Das letzte Kapitel widmet Senderovich Isaac Babel und dessen frühen Erzählungen zu „Hershele Ostropoler“. Der Autor setzt Babels Kunstfigur Hershele in den Kontext des stalinistischen Diskurses über die Brüderlichkeit der Menschen und plädiert im Ergebnis für eine teils radikale Neubewertung von Babels Schaffen. Entgegen der Thesen von Yuri Slezkine, der aus Babels Bewunderung für die russische Literatur dessen Wunsch ableitet, vom „Jüdischen“ zurückzutreten, sieht Senderovich darin einen Beleg für die Dualität der jüdischen Identität und der Geburt des neuen Typus des sowjetischen Juden. Der sowjetische Jude sei in der Lage, sich in zwei Welten zugleich zu bewegen, ohne dabei einer von diesen vollständig zugehörig zu sein. Dadurch zeigt Senderovich den sowjetischen Juden als transformativen Charakter, der in einem „dazwischen“ lokalisiert ist.

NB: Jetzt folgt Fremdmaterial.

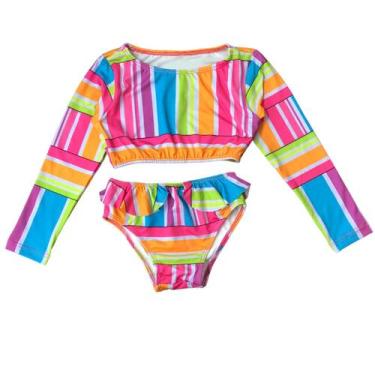 Imagem de Biquíni Infantil Cropped Com Proteção Uv50 Moda PraiaPiscina - Love4Ho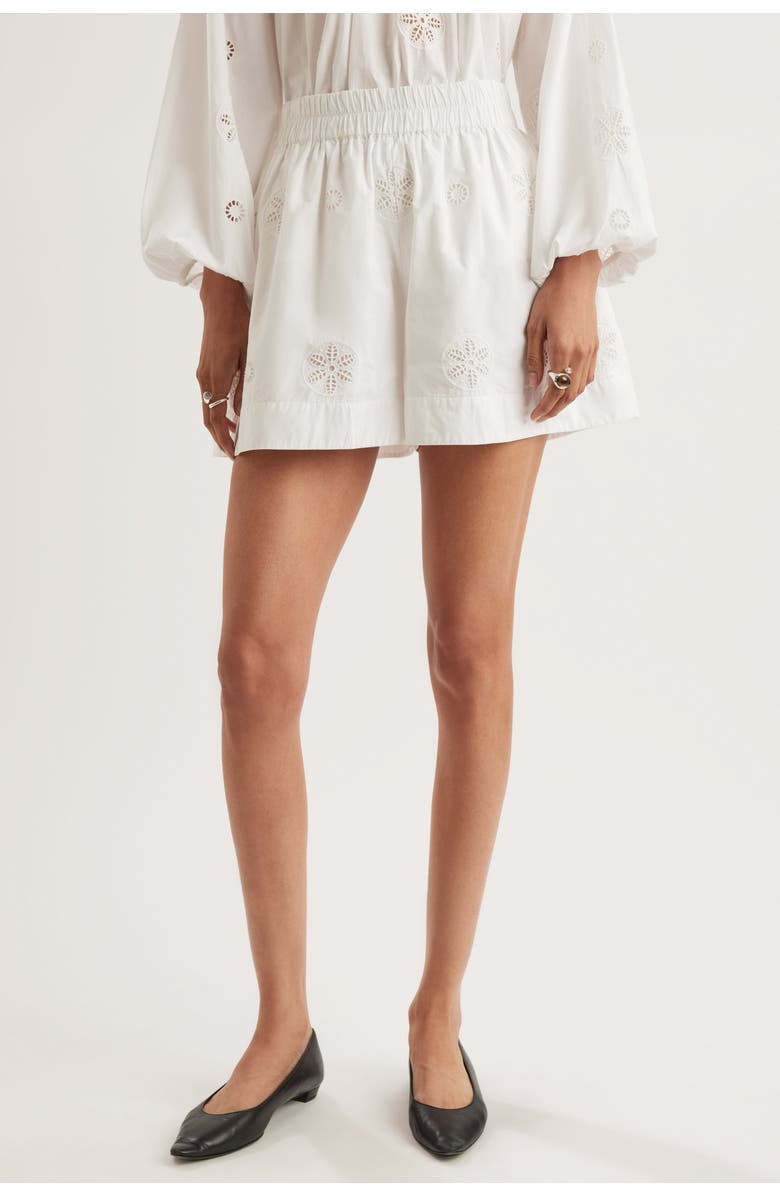 Merlette Antibes Eyelet Short, Main, color, White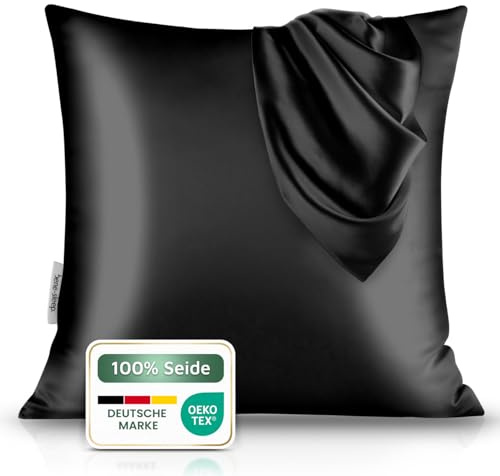 bene-sleep® Premium Seidenkissenbezug – 100 % Maulbeerseide 22 Momme | Verstärkte Nähte | Oeko-TEX Zertifiziert* | Anti-Frizz & Faltenreduzierung | hypoallergen & hautfreundlich (Schwarz, 80x80 cm)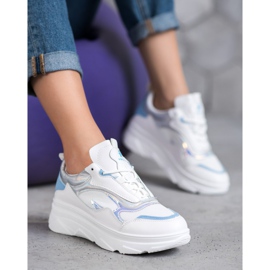 SHELOVET Baskets blanches à la mode bleu 3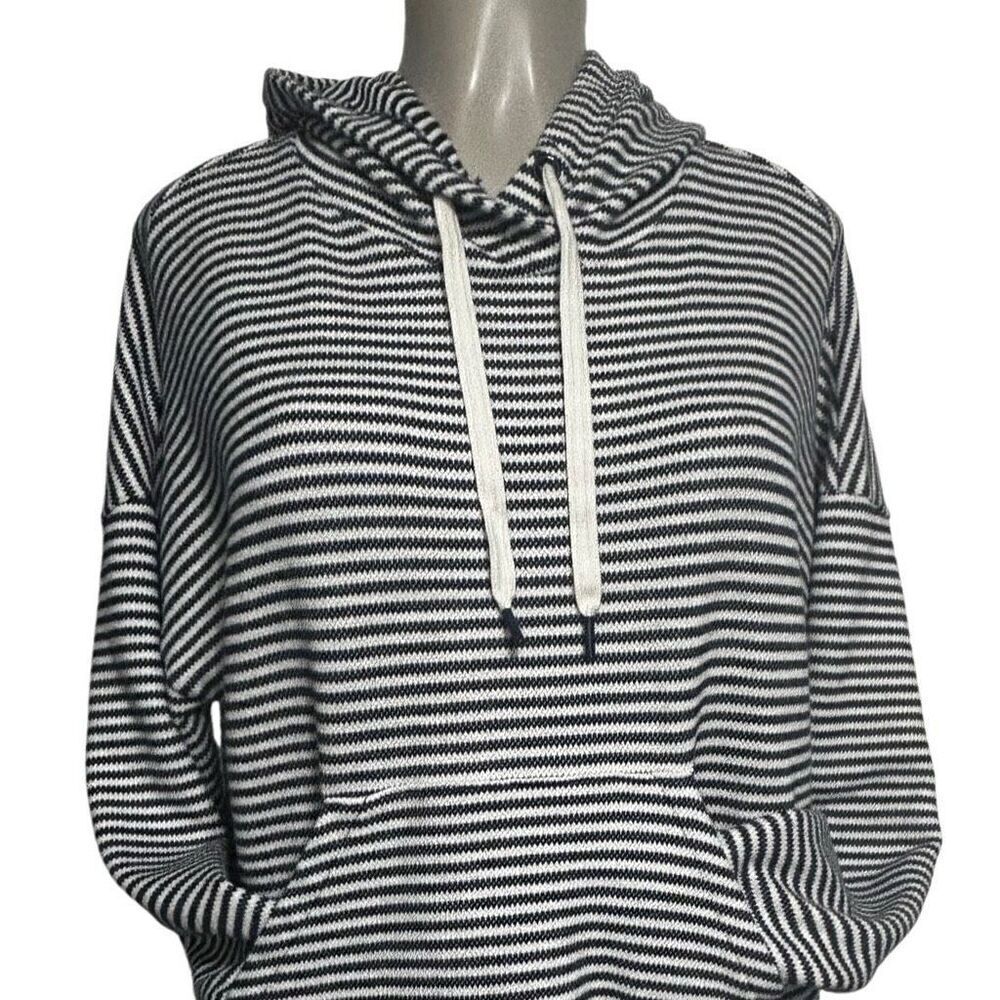 A New Day Hooded Jacket Women's Size X Blue White & Striped Pullover Cotton Knit - Picture 2 of 14
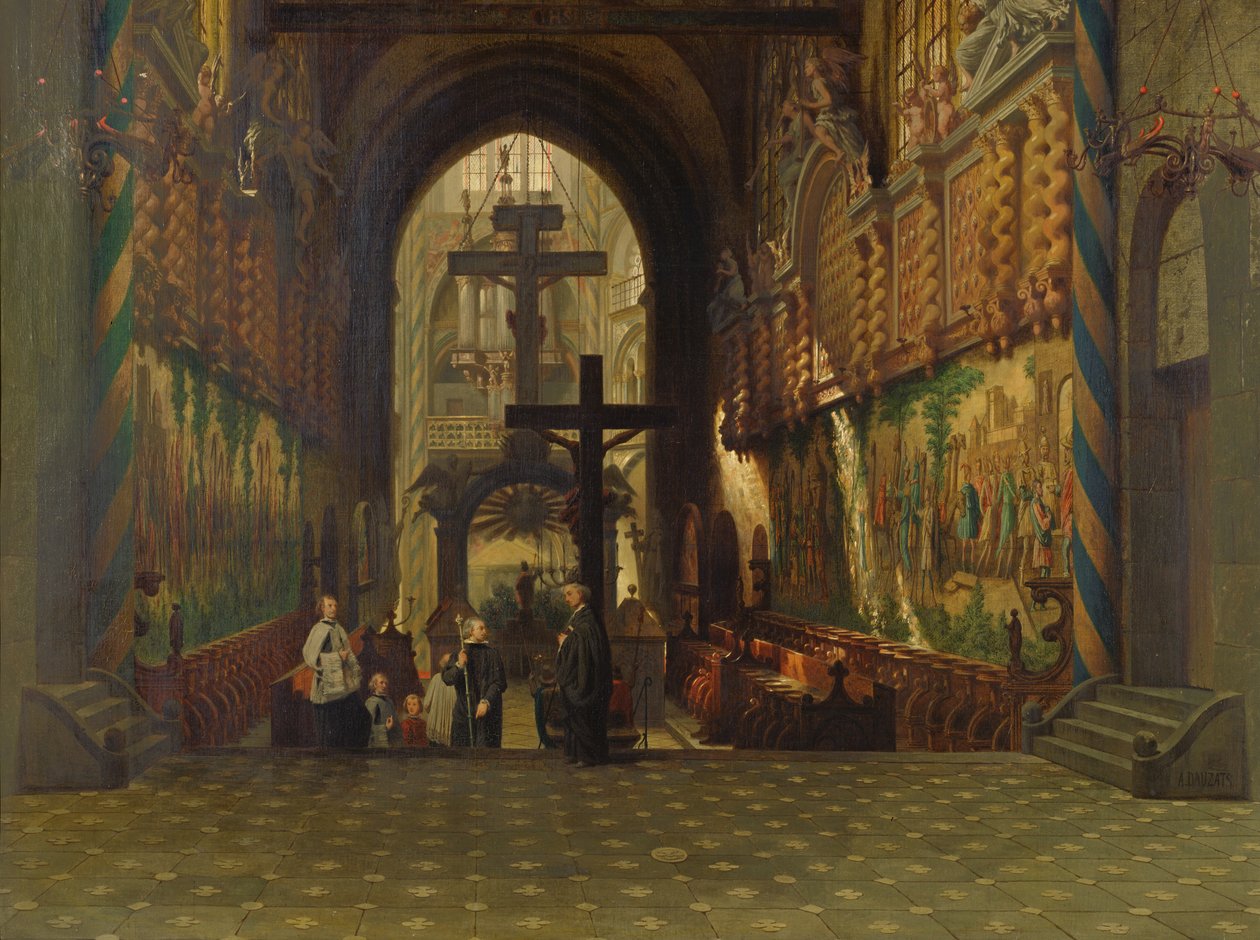 Interior, de, a, igreja, de, são, Gereon, em, colónia de Adrien Dauzats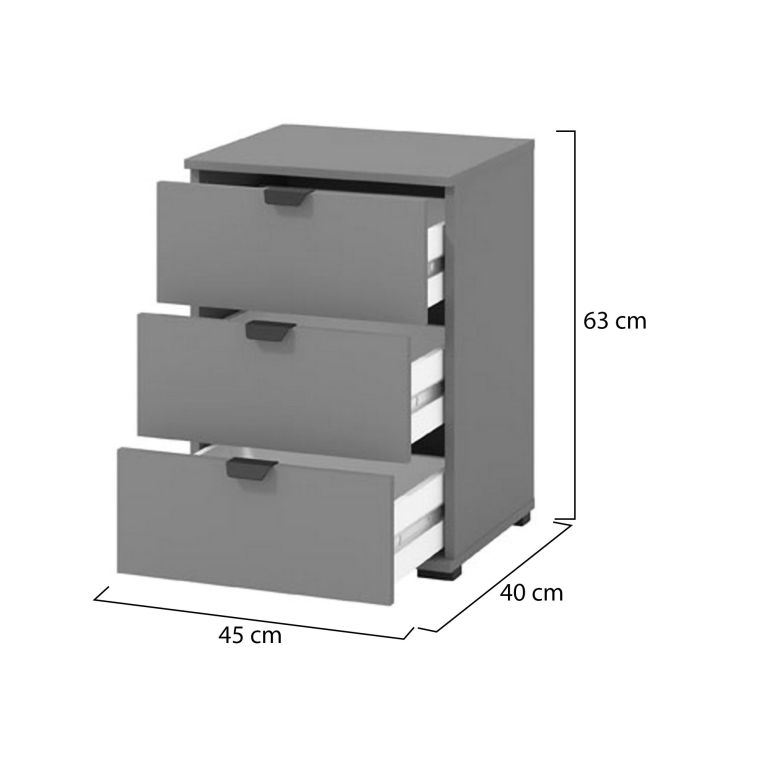 Comodino Nero Antracite Nero 3 Cassetti un Ripiano 45x40x63h cm, Apertura Scorrevole - Talana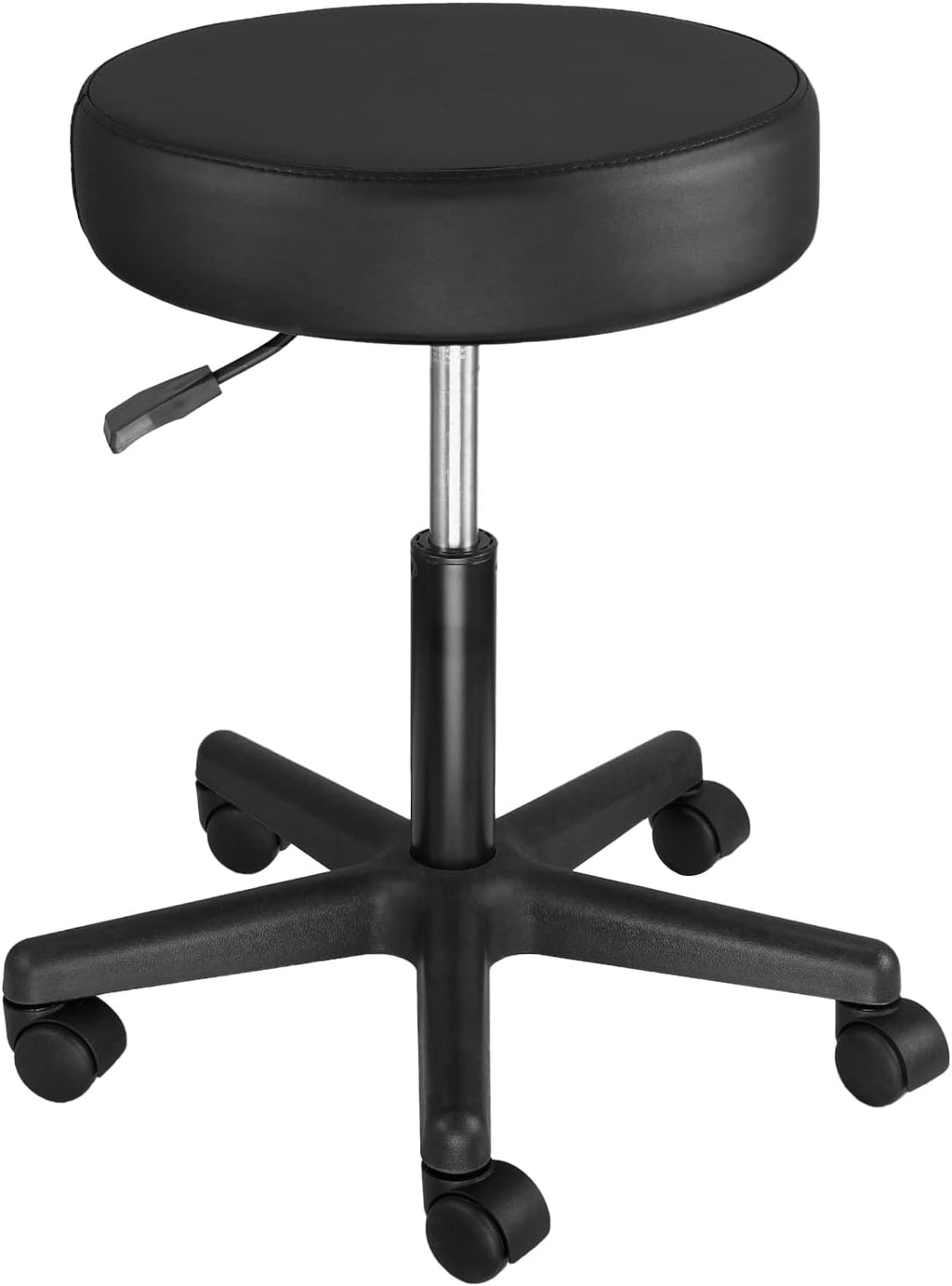 Black Adjustable Round Rolling Stool L979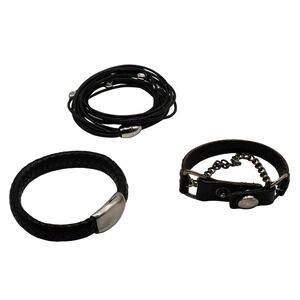 Skagen Leather Bracelet Set Black Braided Studded Chain Wrap 3pc
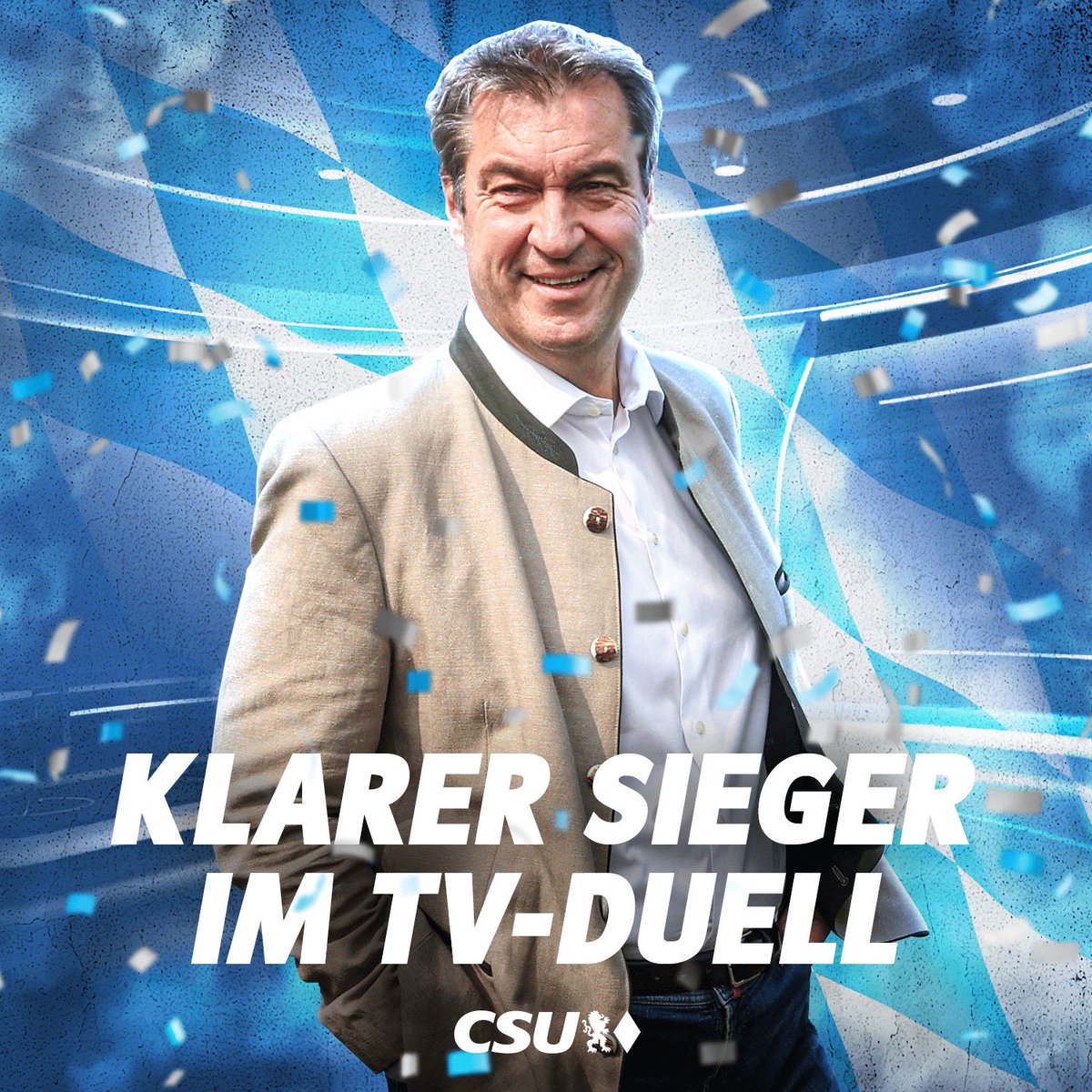 Das TV-Duell heute Abend hat einmal mehr deutlich gemacht: <a href="/Markus_Soeder/">Markus Söder</a> ist der beste Ministerpräsident für Bayern. Wer will, dass Bayern stark und stabil bleibt, muss CSU wählen. #BR24Wahl #TVDuell #BRDuell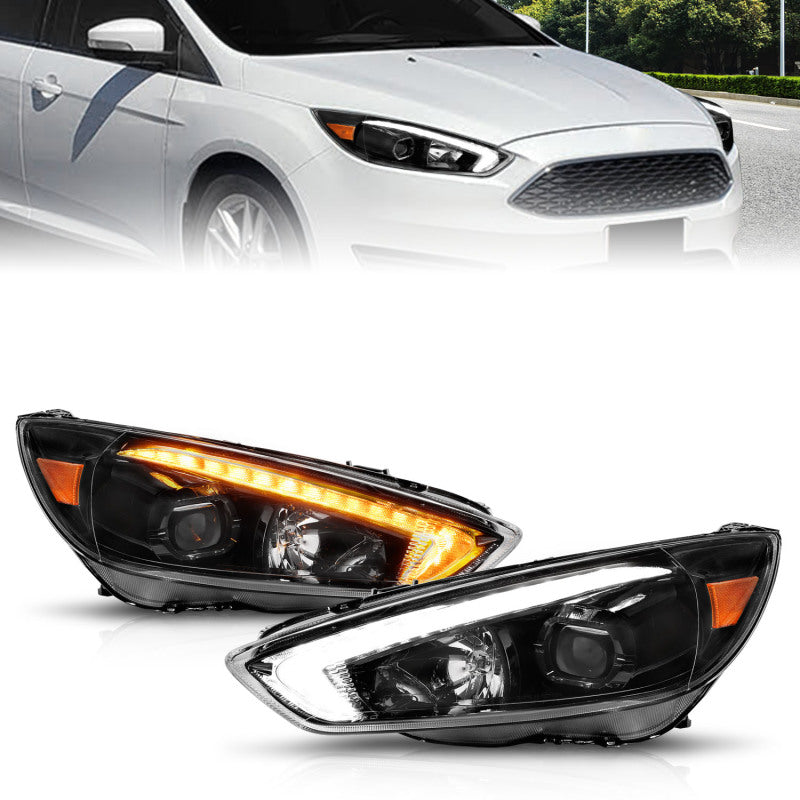 ANZO 15-18 Ford Focus Projector Headlights - w/ Light Bar Switchback Black Housing - Burkken Auto Parts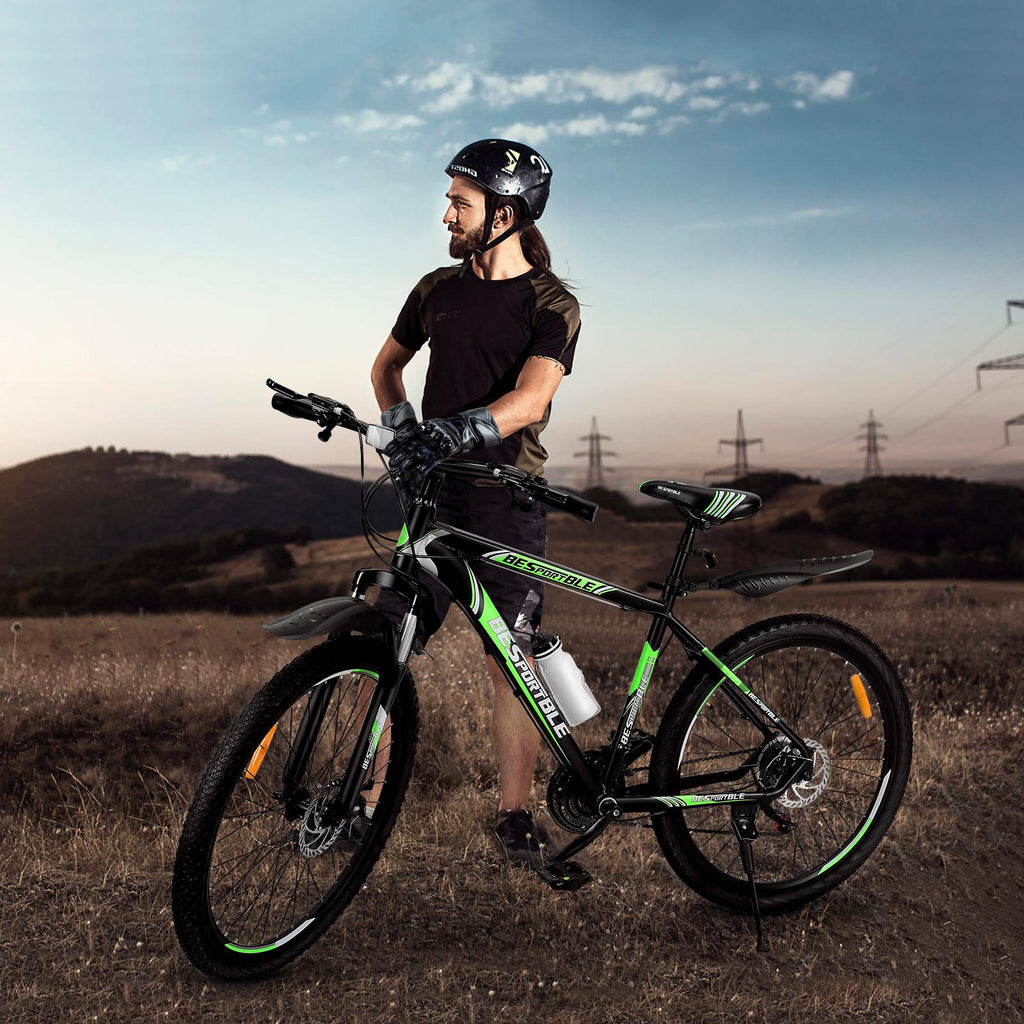 27.5 In., Wheel, Mountain Bike 21 Speeds with Aluminum Frame Suspension Fork Bicycle with Derailleur System Mechanical Disc Brakes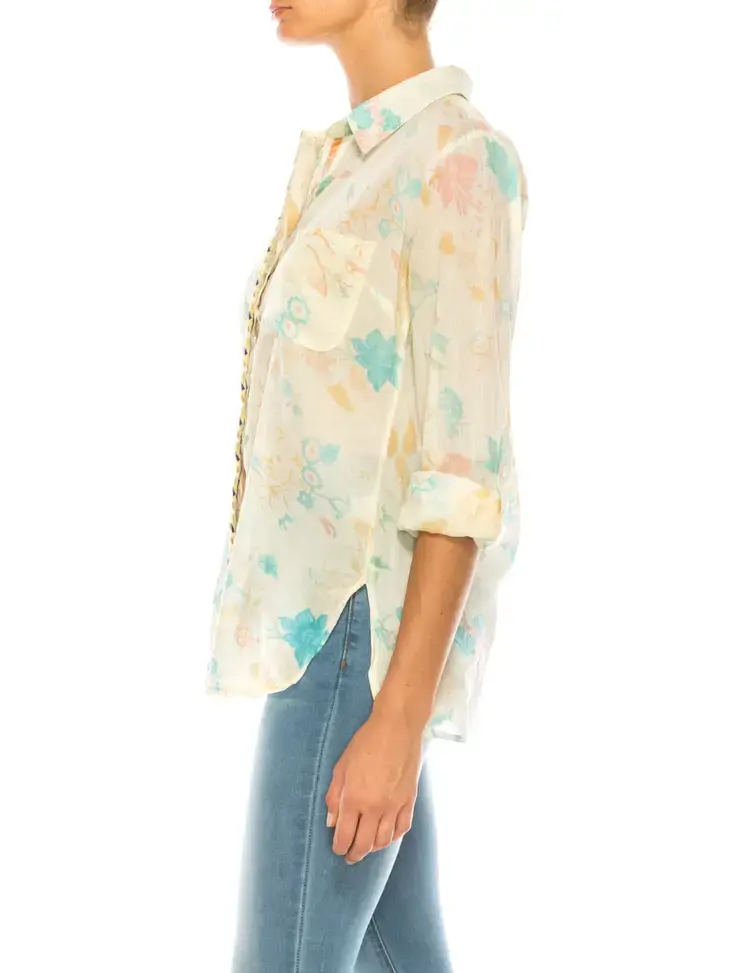 Thumbnail: Magazine - Yellow Garden Floral Printed Shirt with Colorful Embroidery 6660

Im Epilog präsentiert Senderovich doch noch eine weibliche Perspektive, die allerdings außerhalb seines eigenen Beobachtungszeitraumes liegt. Er deutet an, dass die Erfahrung jüdischen Lebens unter Einbezug derselben wohl um weitere Facetten ergänzt werden müsste – diese aber durch die herangezogene beziehungsweise verfügbare Literatur nicht ausreichend herausgearbeitet werden könne. Hierin steckt Potential für weiterführende Studien.

Durch seine intensive Auseinandersetzung mit Werken postrevolutionärer jüdischer Literatur bietet Senderovichs Monographie eine neue Lesart jüdisch-sowjetischer Literatur der Zwischenkriegszeit an, die die Debatte um jüdisches Schaffen und Identität in der jungen Sowjetunion bereichert. Das Buch bietet dabei eine innovative Untersuchung der komplexen Prozesse, die diese Identität geformt haben. Der Autor bietet ein nuanciertes Verständnis der sowjetisch-jüdischen Identität und stellt die weit verbreitete Annahme in Frage, dass diese ausschließlich von der kommunistischen Ideologie geprägt wurde. Senderovichs Arbeit ist gut strukturiert und bietet trotz dem literaturwissenschaftlichen Zugang auch für Historiker, die sich mit jüdischer Geschichte, Nationalitäten oder der Kulturgeschichte der Sowjetunion beschäftigen neue und wertvolle Erkenntnisse.

Anmerkung:
1 Die Analyse wird hier gewinnbringend in die bestehende Forschung von Masha Gessen und Anna Shternshis eingebettet und bietet neue Interpretationsansätze an, die zu einem besseren Verständnis der Innen- und Außenwahrnehmung jüdischen Sowjet-Werdens führen kann. Siehe hierzu: Masha Gessen, Where the Jews Aren't. The Sad and Absurd Story of Birobidzhan. Russia's Jewish Autonomous Region, New York 2016; sowie: Anna Shternshis, Soviet and Kosher. Jewish Popular Culture in the Soviet Union, 1923–1939, Bloomington 2006.